Road Traffic-Motor Vehicles Insurance-Third party risks-Using, causing or permitting another person to use, a motor vehicle on a road without there being in force a policy of insurance against third party risks-Absolute liability-Statutory provisions requiring insurance against third party risks create an absolute liability-Mistake of fact under section 10 of the Criminal Code, Cap. 154, not a defence-Absence of mens rea immaterial-Material only as a mitigating circumstance going to the punishment and disqualification-The Motor Vehicles (Third Party Risks Insurance) Law, Cap. 333, sections 2 (1), 3 (1), 4 (1).

Criminal Law-Mens rea-Absolute liability-Mistake of fact under section 10 of the Criminal Code, Cap. 154, not a defence-See above.

Absolute Liability-Absence of mens rea-Mistake of fact not a defence-See above under Road Traffic.

Mens rea-Absence of-See above.

Insurance-Motor Vehicles insurance against third party risks-Statutory pro visions requiring such insurance create an absolute liability-See above under Road Traffic.

Third Party Risks-Insurance of motor vehicles against-Absolute liability-See above under Road Traffic.

Motor Vehicles-Insurance against third party risks-Absolute liability created by the relevant statutory provisions-See above under Road Traffic.

Mistake of fact-Section 10 of the Criminal Code Cap. 154-No defence thereunder in cases of absolute liability created by statutory provisions-See above under Road Traffic.

In this case the appellant was convicted of permitting another person to drive a motor vehicle on a road for which a certificate of insurance against third party risks was not in, force, contrary to section 3 of the Motor Vehicles (Third Party insurance) Law, Cap. 333, and he was fined £15. The trial Court, after hearing the mitigating circumstances, did not impose any disqualification on the appellant. He now appeals. against conviction only, on the ground that no mens rea has been proved in this case, inasmuch as he had been labouring under an honest mistake of fact that his policy of insurance was a valid one and that, consequently, under the provisions of section 10 of the Criminal Code, Cap. 154, he should have been acquitted. The facts of the case are shortly as follows:

The appellant, who was the owner of a fleet of 69 cars, was insured with the "Anatoli" Insurance Company under two "fleet" policies which were issued on the 27th August, 1965, and were valid for a year until the 27th August, 1966, but, in the meantime, the Council of Ministers published a notice in the Official Gazette of the Republic of the 21st October, 1965, declaring that the said" Anatoli "Insurance Company was no longer an approved "insurer" within the provisions of section 2 (1) of the said Law, Cap. 333 (supra). On the 21st March, 1966, the appellant bought a mini-bus No. C V 712 and the said Insurance Company issued to him a certificate of insurance on the strength of the aforesaid "fleet" policies. Three days later viz. on the 24th March, 1966, a person (the first accused) was found driving on a road this mini-bus and the appellant was prosecuted and convicted as stated earlier.
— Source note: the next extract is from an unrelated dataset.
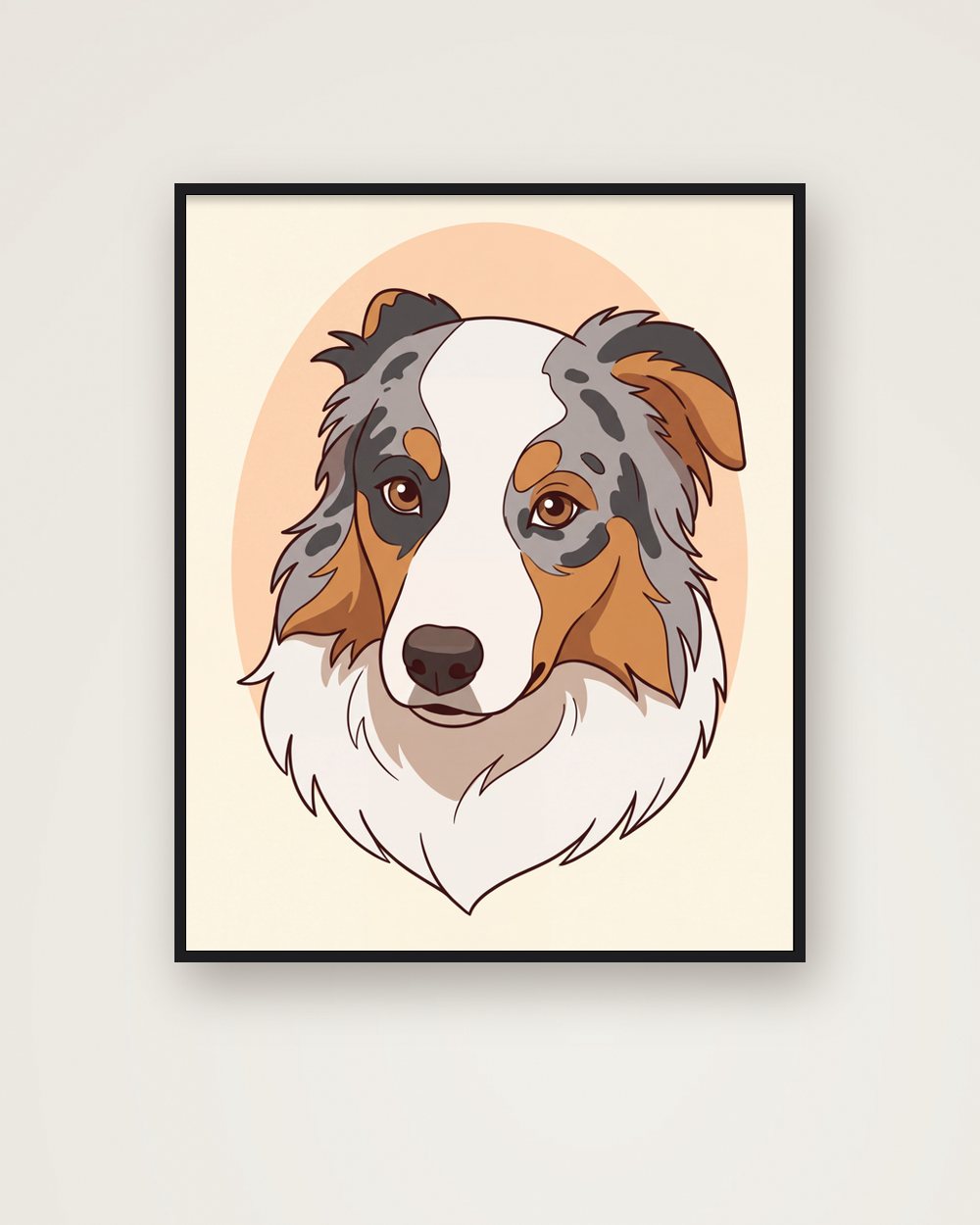 Hundeportrait im Stil Cartoon als Poster im Metallrahmen, Beispiel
The Motor Vehicles (Third Party Insurance) Law, Cap. 333, section 3 (1) provides:-

"3 (1). Subject to the provisions of this Law, no person shall use, or cause or permit any other person to use, a motor vehicle on a road unless there is in force in relation to the user of that motor vehicle by such person or such other person, as the case may be, such a policy in respect of third party risks as complies with the provisions of this Law."

Section 4 (1) provides that a policy for the purposes of the Law must be a policy which is issued by an "insurer". The term "insurer" is defined in section 2 (1) as meaning "an insurance company or an underwriter approved by an Order of the Governor-in-Council". The body now competent for approving insurers is the Council of Ministers which, as already stated, did cancel the authorization of the" Anatoli" Insurance Company in October, 1965.

In dismissing the appeal and affirming the conviction, the Court:-

Held, (1) reading the relevant statutory provisions (supra) and having in mind the object of the Legislature, we are of the view that the liability created under the provisions of section 3 (1), (supra), is an absolute liability and that there can be no question of any person's mistaken belief being accepted as a defence.

(2) It seems that, from what is stated in Glanville Williams on Criminal Law (The General Part) 2nd edition, at p. 231, paragraph 80, the provisions of legislation requiring third-party insurance have been held in England to be absolute: Quelch v. Collett [1948] 1 All E.R. 252; Lyons v. May [1948] 2 All E.R: 1062.

(3) We, therefore, hold that in the present case the belief held by the appellant does not amount to a defence. The maximum that can be said in his favour is that, if he was misled by the insurer, it is a mitigating circumstance to be taken into account by the court in deciding the question of punishment and disqualification.

Appeal dismissed. Conviction

affirmed.

Cases referred to:

Quelch v. Collett [1948] 1 All E.R. 252;

Lyons v. May [1948] 2 All E.R. 1062.

Appeal against conviction.

Appeal against conviction by appellant who was convicted on the 18th May, 1967, at the District Court of Larnaca (Criminal Case No. 174/67) on one count of the offence of driving a motor vehicle on a road for which a certificate of insurance against third party risks was not in force, contrary to section 3 of the Motor Vehicles (Third Party Insurance) Law, Cap. 333 and was sentenced by Demetriou, D.J., to pay a fine of £15.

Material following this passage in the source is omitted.